Vermisster tot auf über 3.000 Metern Höhe entdeckt

Die Hohenwartscharte am Großglockner
Die Hohenwartscharte am GroßglocknerLPD Kärnten
Der seit drei Tagen vermisste Alpinist am Großglockner wurde in dem Morgenstunden tot aufgefunden.

Der 65-jähriger Alpinist aus Slowenien wollte am 28. Juli vom Parkplatz der Franz-Josef-Höhe am Großglockner hinauf zur auf 3.454 Höhenmetern gelegenen Erzherzog-Johann-Hütte steigen. Als er nicht zurückkehrte, erstatte seine Tochter tags darauf um 23 Uhr eine Abgängigkeitsanzeige.

Noch in derselben Nacht fand ein erster Suchflug mit einem Polizeihubschrauber statt, leider ohne Ergebnis. Morgens gab es dann eine Suchaktion unter Beteiligung des Polizeihubschraubers, Einsatzkräften der Bergrettung Heiligenblut und der Alpinen Einsatzgruppe.
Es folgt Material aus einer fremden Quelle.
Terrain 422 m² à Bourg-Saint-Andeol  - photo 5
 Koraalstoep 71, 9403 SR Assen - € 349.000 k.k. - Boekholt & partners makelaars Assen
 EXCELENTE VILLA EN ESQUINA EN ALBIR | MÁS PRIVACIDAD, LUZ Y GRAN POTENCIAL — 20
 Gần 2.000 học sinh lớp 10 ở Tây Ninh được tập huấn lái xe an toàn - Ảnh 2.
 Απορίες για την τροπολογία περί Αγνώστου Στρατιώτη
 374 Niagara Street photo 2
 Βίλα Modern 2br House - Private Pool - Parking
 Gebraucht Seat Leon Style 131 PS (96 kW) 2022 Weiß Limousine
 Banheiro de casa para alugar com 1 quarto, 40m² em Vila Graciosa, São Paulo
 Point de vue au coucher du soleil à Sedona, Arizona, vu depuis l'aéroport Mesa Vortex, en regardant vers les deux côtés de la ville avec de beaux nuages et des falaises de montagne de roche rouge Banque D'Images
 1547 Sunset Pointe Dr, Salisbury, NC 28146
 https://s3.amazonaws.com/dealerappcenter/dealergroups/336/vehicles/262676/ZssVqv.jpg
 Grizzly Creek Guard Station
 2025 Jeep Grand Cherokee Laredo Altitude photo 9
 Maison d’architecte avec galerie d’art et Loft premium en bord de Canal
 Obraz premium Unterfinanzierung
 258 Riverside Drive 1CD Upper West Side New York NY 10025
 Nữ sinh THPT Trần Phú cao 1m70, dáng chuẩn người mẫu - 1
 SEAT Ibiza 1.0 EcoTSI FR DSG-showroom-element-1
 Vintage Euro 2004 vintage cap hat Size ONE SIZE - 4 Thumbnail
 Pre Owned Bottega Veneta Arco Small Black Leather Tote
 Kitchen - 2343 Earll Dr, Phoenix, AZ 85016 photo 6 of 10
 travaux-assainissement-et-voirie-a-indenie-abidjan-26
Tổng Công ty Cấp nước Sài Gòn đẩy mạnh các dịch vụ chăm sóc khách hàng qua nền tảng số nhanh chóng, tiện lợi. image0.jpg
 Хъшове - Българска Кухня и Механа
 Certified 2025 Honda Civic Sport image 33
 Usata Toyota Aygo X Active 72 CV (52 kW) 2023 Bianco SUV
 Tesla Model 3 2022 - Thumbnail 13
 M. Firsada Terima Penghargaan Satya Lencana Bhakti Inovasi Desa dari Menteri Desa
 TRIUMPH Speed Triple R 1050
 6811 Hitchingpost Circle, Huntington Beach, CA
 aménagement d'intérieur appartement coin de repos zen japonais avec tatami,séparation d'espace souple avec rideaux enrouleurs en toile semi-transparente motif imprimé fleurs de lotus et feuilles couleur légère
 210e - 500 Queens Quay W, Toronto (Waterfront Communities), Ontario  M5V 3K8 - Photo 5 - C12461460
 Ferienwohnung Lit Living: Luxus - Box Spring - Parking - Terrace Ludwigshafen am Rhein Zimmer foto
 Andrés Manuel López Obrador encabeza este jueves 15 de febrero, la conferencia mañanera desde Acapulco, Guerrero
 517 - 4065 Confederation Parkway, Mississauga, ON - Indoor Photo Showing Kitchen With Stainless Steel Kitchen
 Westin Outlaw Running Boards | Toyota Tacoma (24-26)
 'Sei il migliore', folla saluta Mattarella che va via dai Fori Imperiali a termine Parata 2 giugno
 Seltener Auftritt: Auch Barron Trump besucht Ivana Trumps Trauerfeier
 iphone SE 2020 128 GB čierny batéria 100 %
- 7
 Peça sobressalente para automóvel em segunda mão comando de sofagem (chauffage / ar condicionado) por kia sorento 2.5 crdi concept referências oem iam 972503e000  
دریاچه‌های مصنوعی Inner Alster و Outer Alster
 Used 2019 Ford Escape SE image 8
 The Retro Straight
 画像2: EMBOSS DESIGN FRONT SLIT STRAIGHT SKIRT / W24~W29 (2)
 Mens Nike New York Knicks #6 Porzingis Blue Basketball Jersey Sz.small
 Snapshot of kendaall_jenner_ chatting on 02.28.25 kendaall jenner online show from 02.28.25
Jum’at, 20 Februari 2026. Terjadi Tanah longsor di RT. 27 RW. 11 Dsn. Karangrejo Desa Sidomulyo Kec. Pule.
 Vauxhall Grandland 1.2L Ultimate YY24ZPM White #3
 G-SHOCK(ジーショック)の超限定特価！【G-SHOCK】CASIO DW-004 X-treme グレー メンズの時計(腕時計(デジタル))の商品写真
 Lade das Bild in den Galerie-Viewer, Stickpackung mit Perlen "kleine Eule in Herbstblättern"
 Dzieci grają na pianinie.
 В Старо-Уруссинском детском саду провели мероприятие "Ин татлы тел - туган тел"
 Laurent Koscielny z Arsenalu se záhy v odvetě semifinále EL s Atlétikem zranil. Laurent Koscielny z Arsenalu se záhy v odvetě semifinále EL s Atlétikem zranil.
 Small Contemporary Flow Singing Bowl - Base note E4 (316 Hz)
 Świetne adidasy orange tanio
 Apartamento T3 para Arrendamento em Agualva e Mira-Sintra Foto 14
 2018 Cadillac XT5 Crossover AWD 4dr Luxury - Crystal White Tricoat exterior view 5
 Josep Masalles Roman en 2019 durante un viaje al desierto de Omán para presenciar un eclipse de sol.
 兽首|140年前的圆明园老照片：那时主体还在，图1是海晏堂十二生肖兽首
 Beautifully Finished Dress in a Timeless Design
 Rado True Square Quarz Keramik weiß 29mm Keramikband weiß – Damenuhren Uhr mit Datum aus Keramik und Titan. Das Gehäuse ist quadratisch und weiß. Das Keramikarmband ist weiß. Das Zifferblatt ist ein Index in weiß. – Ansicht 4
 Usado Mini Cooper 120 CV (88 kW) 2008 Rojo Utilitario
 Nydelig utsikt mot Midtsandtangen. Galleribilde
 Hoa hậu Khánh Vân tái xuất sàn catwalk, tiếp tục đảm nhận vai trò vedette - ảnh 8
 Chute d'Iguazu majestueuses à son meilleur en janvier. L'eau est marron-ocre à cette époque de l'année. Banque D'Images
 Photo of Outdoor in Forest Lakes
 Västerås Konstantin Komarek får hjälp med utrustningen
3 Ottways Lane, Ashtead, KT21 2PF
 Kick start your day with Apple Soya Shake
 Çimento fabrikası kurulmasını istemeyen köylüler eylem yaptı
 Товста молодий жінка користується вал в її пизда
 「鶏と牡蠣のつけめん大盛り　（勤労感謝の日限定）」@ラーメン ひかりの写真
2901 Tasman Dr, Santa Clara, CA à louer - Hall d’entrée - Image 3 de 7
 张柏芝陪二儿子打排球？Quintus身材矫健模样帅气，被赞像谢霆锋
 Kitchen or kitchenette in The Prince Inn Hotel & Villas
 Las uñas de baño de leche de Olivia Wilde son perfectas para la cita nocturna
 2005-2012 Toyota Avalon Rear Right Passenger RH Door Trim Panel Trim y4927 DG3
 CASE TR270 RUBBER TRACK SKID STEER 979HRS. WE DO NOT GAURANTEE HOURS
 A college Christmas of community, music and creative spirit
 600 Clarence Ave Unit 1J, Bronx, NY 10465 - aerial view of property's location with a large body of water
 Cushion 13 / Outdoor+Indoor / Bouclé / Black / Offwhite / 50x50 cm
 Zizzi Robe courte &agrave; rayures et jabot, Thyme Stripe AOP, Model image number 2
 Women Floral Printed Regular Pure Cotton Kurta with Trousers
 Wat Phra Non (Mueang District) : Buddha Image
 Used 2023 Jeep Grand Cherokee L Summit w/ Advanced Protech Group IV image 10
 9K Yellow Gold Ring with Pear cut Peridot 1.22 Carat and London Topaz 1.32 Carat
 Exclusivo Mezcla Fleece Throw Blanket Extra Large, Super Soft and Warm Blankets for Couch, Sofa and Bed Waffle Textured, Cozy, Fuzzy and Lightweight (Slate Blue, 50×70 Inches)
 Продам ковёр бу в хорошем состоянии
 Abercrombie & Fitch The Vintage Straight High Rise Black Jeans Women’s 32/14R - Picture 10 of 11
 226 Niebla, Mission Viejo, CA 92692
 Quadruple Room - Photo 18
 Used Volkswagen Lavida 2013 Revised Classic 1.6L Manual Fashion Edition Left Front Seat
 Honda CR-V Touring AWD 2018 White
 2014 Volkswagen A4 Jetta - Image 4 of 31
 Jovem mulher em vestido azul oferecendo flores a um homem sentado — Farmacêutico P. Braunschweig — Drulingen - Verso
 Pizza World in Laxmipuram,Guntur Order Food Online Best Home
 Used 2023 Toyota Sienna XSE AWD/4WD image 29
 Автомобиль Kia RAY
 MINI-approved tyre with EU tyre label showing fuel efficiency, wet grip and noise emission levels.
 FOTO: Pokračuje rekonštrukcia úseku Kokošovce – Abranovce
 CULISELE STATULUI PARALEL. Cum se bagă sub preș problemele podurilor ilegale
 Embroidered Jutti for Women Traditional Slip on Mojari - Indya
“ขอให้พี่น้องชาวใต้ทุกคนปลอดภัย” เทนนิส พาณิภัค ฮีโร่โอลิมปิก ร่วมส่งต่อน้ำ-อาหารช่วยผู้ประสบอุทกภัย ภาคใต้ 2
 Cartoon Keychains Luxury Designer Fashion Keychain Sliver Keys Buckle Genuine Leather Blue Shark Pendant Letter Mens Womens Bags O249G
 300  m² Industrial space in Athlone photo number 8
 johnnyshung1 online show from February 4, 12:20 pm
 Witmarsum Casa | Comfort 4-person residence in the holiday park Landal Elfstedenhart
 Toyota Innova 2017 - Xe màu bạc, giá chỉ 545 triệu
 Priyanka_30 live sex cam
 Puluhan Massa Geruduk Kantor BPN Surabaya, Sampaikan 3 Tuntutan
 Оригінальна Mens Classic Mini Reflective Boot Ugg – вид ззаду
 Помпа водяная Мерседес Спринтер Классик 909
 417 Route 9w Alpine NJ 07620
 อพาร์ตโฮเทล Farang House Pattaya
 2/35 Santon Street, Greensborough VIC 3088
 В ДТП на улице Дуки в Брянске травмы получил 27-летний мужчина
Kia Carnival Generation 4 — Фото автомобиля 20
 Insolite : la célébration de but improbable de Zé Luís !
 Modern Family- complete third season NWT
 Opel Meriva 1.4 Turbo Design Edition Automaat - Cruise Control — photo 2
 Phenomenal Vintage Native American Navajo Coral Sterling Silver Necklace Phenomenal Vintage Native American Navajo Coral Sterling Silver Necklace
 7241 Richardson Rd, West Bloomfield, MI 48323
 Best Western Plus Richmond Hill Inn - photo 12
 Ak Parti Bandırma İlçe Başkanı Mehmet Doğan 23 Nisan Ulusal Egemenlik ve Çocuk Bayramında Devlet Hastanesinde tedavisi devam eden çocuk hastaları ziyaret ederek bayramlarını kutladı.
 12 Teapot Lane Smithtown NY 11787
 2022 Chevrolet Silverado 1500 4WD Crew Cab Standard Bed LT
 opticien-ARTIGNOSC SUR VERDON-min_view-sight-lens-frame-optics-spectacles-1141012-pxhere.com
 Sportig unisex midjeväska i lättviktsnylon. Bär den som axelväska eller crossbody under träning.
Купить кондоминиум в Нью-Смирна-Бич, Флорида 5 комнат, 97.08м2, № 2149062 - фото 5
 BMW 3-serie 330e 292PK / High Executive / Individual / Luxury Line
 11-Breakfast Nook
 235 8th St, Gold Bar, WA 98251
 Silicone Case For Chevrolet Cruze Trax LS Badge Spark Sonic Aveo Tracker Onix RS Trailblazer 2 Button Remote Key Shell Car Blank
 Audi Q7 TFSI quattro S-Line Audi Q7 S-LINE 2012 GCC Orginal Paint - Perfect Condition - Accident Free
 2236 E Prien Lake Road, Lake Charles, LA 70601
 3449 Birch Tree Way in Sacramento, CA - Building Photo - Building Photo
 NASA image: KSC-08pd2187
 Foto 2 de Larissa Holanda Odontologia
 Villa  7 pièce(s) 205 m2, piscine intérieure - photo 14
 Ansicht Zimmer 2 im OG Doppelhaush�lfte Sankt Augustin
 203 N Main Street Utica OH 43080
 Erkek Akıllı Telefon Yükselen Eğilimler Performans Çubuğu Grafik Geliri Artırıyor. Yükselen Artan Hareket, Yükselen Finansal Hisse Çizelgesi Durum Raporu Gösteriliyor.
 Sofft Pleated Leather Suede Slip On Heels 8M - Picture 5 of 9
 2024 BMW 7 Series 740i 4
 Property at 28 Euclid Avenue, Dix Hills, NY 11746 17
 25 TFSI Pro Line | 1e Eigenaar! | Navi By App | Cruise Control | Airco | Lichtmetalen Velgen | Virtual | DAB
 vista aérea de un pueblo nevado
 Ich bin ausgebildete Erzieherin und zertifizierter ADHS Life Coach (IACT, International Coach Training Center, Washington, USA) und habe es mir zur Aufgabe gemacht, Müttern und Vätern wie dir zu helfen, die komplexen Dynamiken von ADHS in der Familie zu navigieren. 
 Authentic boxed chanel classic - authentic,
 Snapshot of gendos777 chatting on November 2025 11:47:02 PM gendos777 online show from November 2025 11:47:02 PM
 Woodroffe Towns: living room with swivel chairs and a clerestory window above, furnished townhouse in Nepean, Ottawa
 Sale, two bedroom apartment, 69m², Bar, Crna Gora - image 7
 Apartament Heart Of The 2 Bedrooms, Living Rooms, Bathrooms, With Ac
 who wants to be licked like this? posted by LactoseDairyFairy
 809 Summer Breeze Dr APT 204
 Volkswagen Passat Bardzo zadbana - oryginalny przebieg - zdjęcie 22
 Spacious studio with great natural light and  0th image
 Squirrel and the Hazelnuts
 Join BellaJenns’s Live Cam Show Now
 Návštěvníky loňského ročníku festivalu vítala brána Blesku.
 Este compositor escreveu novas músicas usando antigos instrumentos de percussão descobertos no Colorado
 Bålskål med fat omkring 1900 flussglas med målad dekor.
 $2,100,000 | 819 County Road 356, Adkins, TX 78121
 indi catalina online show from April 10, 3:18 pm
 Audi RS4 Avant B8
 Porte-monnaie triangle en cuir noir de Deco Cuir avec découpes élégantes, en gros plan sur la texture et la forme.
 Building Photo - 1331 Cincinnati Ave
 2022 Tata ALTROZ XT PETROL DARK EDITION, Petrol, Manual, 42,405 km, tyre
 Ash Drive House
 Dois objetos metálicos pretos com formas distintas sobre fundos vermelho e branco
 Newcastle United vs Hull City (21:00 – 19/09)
Diese musste gegen 15.30 Uhr aufgrund des eintretenden Schlechtwetters eingestellt werden und wurde am 31. Juli fortgesetzt.

Am Samstagfrüh war es auch, als der Betreiber einer Almhütte auf dem Großglockner der Polizeiinspektion Heilgenblut Anzeige erstattete, dass im Bereich der Hohenwartscharte, in einer Seehöhe von rund 3.100 Metern, ein Rucksack und ein Eispickel gefunden wurde.

Falsche Richtung gewählt

Eine Stunde später konnten Bergretter der Bergrettung Heiligenblut den Gesuchten Alpinisten leblos auffinden. Der Mann dürfte am 28. Juli beim Aufstieg von der Salmhütte aufgrund der am 28.07. vorherrschenden schlechten Witterung (Regen, Nebel, Graupelschauer) in der Hohenwartscharte fälschlicherweise in Richtung Osten dem Grat gefolgt sein. Dort geriet er in steiles Felsgelände, stürzte ab und blieb am Hofmannskees liegen.

Auf Grund der schlechten Witterung konnte die Leiche des Mannes bisher nicht geborgen werden. Die Erhebungen am Unfallort wurden von der Alpinpolizei Spittal/Drau mit Unterstützung des Hubschraubers der Flugpolizei Klagenfurt durchgeführt.